§ Assignment: Down to the last line of the listing, starting at the one with "This is the", retype each line exactly. Do not copy the pictures.

§ Data provided:
▽
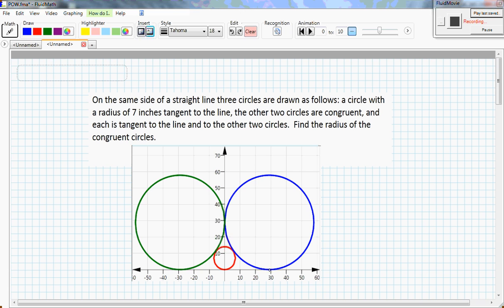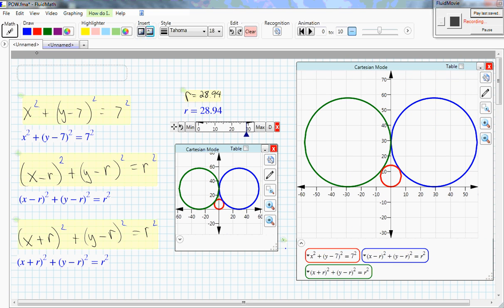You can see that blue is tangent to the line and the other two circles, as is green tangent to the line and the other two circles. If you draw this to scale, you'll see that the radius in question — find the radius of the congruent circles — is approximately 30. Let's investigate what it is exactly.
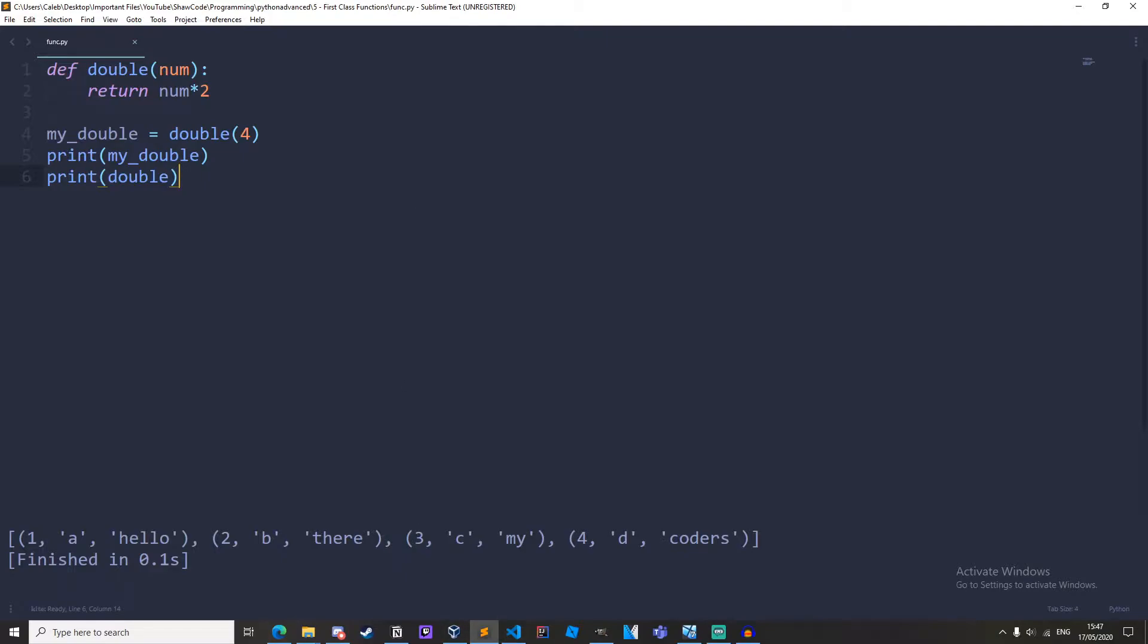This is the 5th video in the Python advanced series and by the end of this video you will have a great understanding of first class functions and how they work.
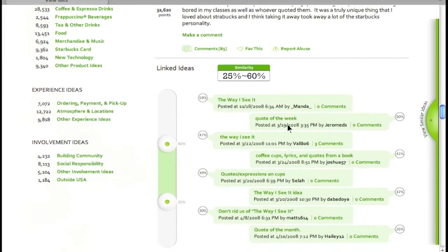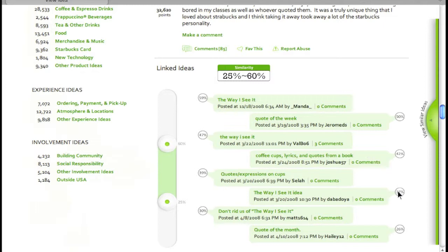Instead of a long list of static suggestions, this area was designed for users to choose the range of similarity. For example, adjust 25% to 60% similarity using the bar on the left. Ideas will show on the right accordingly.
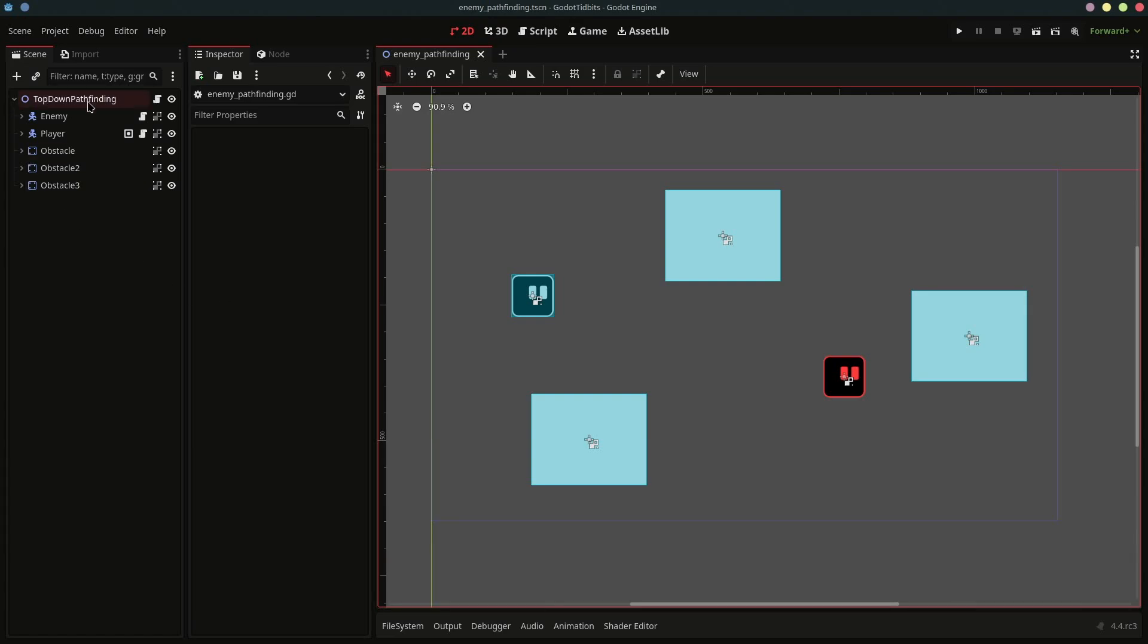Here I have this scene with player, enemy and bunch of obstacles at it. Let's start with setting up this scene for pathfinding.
△
§ Response for this exercise:
This is the 5th video in the Python advanced series and by the end of this video you will have a great understanding of first class functions and how they work.
Instead of a long list of static suggestions, this area was designed for users to choose the range of similarity. For example, adjust 25% to 60% similarity using the bar on the left. Ideas will show on the right accordingly.
Here I have this scene with player, enemy and bunch of obstacles at it. Let's start with setting up this scene for pathfinding.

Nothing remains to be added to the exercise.